[[ Records provided, beginning ]]

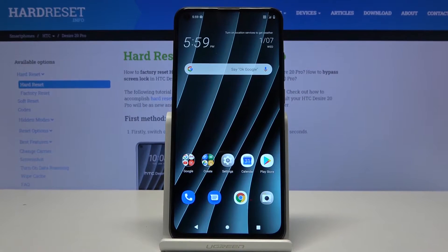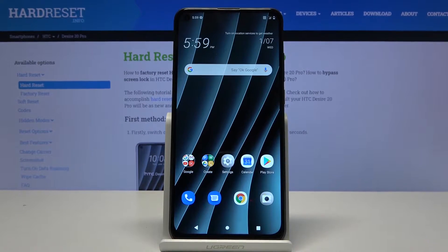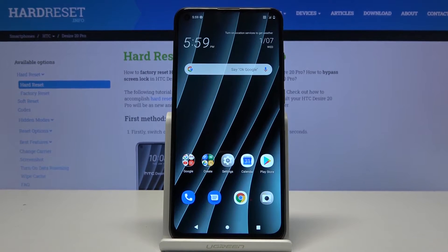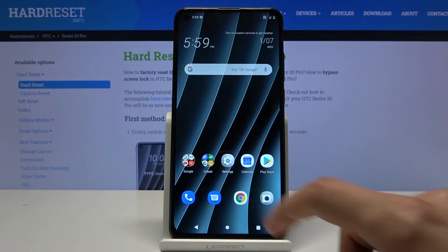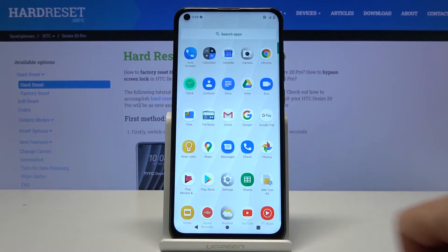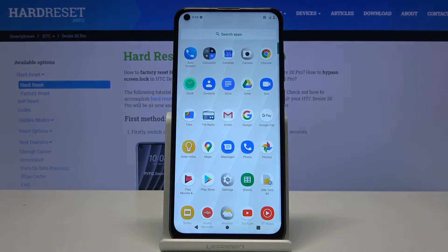Welcome! I'm covering the HTC Desire 20 Pro and today I'll show you how to capture a screenshot on the device. To get started, you want to open up the content that you wish to capture — as an example, I'm going to use just the map tray right here.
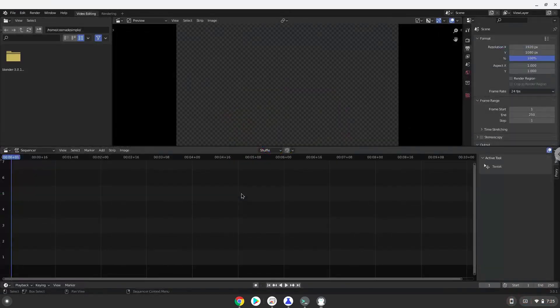Now we will install a menu editor which we will use to add Blender to our menu. Firstly, we will update the repositories of our Linux apps.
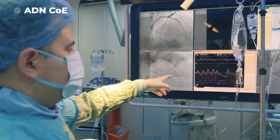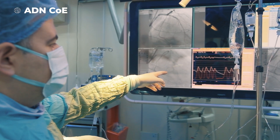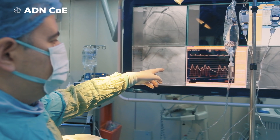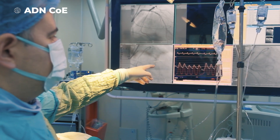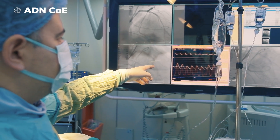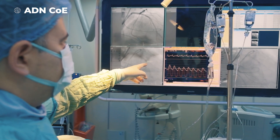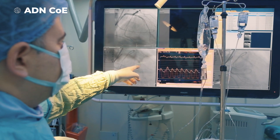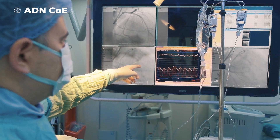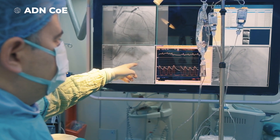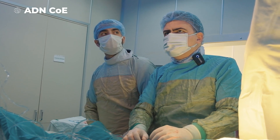At the end of the procedure, you can see that there is no peak-to-peak gradient between the outflow tract and the left ventricle. As you can see, there is a widening of the QRS complexes, so we will observe the patient in the intensive care unit.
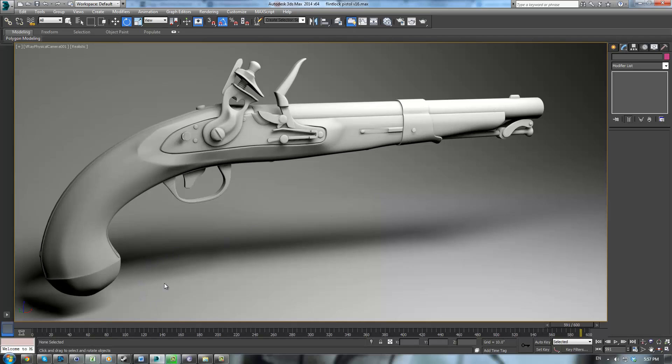I go over the process of modeling this Flintlock Pistol entirely from scratch using polygon and box modeling techniques, as well as using subdivisions for the stock and the more organic shapes.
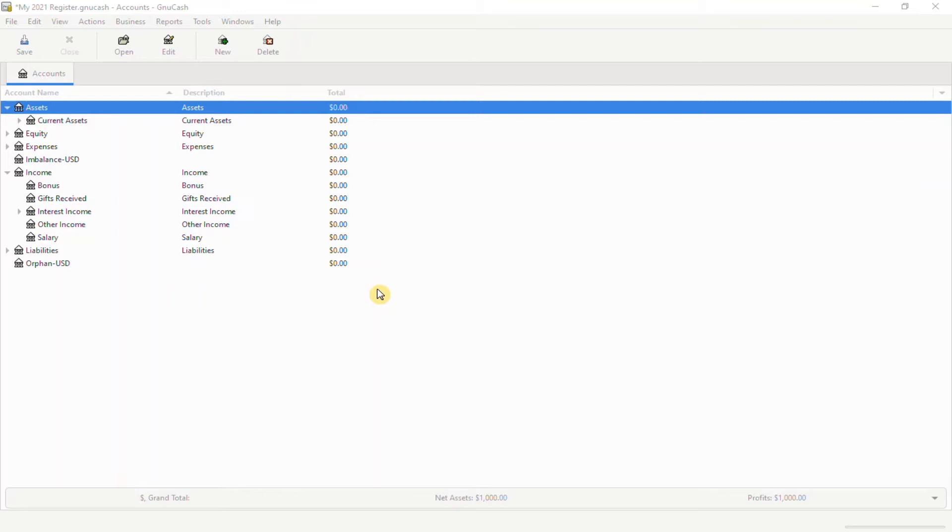Let's begin. Open the register you want to add or create the split transactions to. Once you open your file,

[[ Records provided, end ]]

Return only the line with "At the end of" and the lines after it up to the end of the records, exact and free of pictures.

_Task answer_.
At the end of the procedure, you can see that there is no peak-to-peak gradient between the outflow tract and the left ventricle. As you can see, there is a widening of the QRS complexes, so we will observe the patient in the intensive care unit.
I go over the process of modeling this Flintlock Pistol entirely from scratch using polygon and box modeling techniques, as well as using subdivisions for the stock and the more organic shapes.
Let's begin. Open the register you want to add or create the split transactions to. Once you open your file,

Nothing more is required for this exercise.